Updated: Nov 11
With apologies to Billy Idol, this morning I received a long-sought Berns-Martin "Triple Draw" shoulder holster. "Dancing with myself" because I am the current trademark holder of Berns-Martin for gunleather. Prior owners were Bianchi Holsters (from 1974), the Elberton operation (from 1963), the Calhoun City operation (from 1950), closed up for WW2, then Jack Martin's Navy shipboard operation (from 1930). Bianchi's new owners allowed the mark to lapse and after the appropriate decades I scooped it up, registering it again in 2018 or so. Hindsight shows that my own mark, Red Nichols Holsters, is far stronger! Ask Mr. Google.

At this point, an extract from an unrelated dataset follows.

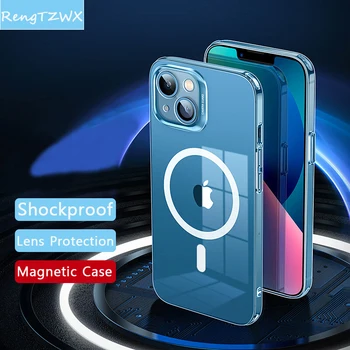  Magsafe Manyetik Kablosuz Şarj Durumda iPhone 13 Pro Max 12 Mini 11 XR X XS MAX 8 Artı 13Pro 11Pro Darbeye Dayanıklı arka Kapak 5G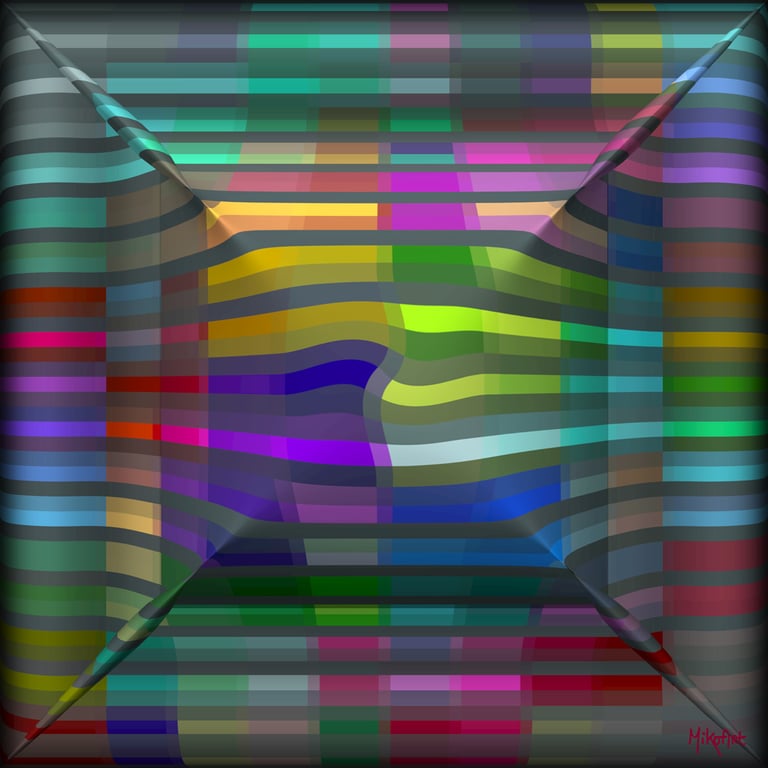 MikoArt-Liquid Gloss®-01/Series-80x80cm-0095 by MikoArt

This new arrival is an Elberton, which generally are not nearly as well-crafted as the prior Calhoun City models yet this one is handsomely built:
Mine polished up nicely from that (above) using Fiebing's Tan Kote, which is rubbed in and polished in two applications (below). Yes, same holster:
The Triple-Draw that Jack Martin described in 1934 as "lightning fast" was also known by that name (Lightning) when configured solely for shoulder holster use, and as the Triple Draw when configured for belt and shoulder use, the former belt use including upside down crossdraw (!). Images of the Triple Draw being worn all these ways that were sent by Geoffrey Boothroyd to Ian Fleming in his effort to persuade Fleming to arm Bond with the then-new Centennial are lost to time. Below is Witty's late model B-M "Lightning" and it has the cotton webbing harness that then didn't need holes punched into it to adjust the buckles; clever. And could be laundered.

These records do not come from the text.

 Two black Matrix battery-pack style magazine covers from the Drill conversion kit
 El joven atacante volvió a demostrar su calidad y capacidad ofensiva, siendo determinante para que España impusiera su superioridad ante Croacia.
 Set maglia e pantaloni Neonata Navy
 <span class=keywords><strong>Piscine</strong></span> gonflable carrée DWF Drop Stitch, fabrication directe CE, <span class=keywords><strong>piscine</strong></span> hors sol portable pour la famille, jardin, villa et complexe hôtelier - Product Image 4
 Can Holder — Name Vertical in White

Here's Jack Martin showing all three positions of the Triple Draw, from a Jeff Cooper book:
Tan Kote first dissolves what it can of the old finish (rub it in using a sheepswool pad) then blends it into the leather and the stitching. Leaves it looking like a brand new Bianchi holster of the '70s, which were so-treated but using Fiebing's Harness Dressing that is no long available in uncoloured. Bianchi holsters were stitched with the same linen threads that B-Ms were and JB wanted the dressing to tone down the white thread so it wouldn't look cheap like a JayPee, for example. Gotta say that he was right on the money, and Bianchis had the look of Heisers and Myres, with the deep, rich full-grain leathers finished as what's called 'aniline' (so, not painted like a J.M. Bucheimer; or a a JayPee. Puh, Easterners!)

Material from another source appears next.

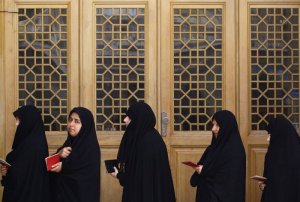 Iranian women voting in the city of Qom. (Pic from TPM, Newscom/AFP)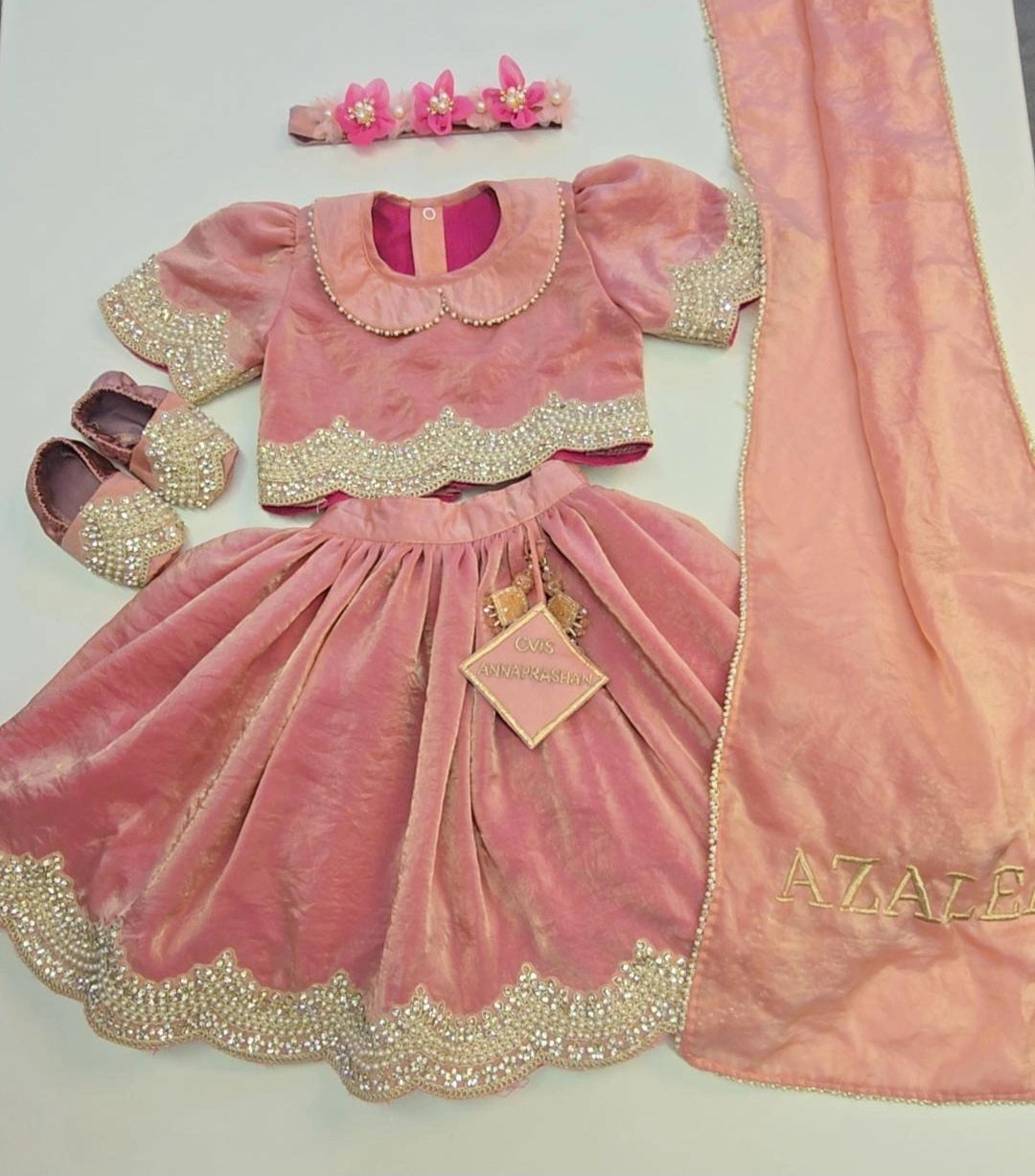 The Rose Pink Lehenga Set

I bought it cheaply meaning to disassemble it, to show you what it looks like inside. Now I doubt I will because this one has a literally 'snappy' spring that 'pops' when the forefinger is flicked through the closure. On the other hand it's not nearly strong enough for inverted carry, given that my spring tester for spring holsters reads only about 5# closing force when at least 10# is desirable (and some like the X-15 run to 15#). What's clever is that the wire inside runs behind the recoil shields of what was originally a Colt 2" in .38 Special, then the J frame Smiths in that caliber were added in the very early '50s. If I do take it apart I'll use a knife in the stitch seams, which will then tell us: by hand, or by machine (the little cut pieces of thread are different in the one than in the other).
Above, Elmer Keith with his rare 4" in 1944. In that time the harness was made from the same horsehide leather of the holster and the two were combined into a single piece.
From the Lightning came the knowledge that we at Bianchi could solve the unexpected problem of Chief's Specials falling out of the all-new 9R inverted shoulder holster that JB intended to surpass the Triple Draw by having cylinder recesses. "Ohhh, that's what that little hand-sewn leather welt is for at the revolver's muzzle: it keeps the revolver from turning inside the holster pocket and allowing inertia to pop the pistol right out through the mouth!". I added ia post-and-screw with a rubber grommet in place of the leather welt, allowing us to retrofit any returns from the field. Witty owns one that is marked 'prototype'.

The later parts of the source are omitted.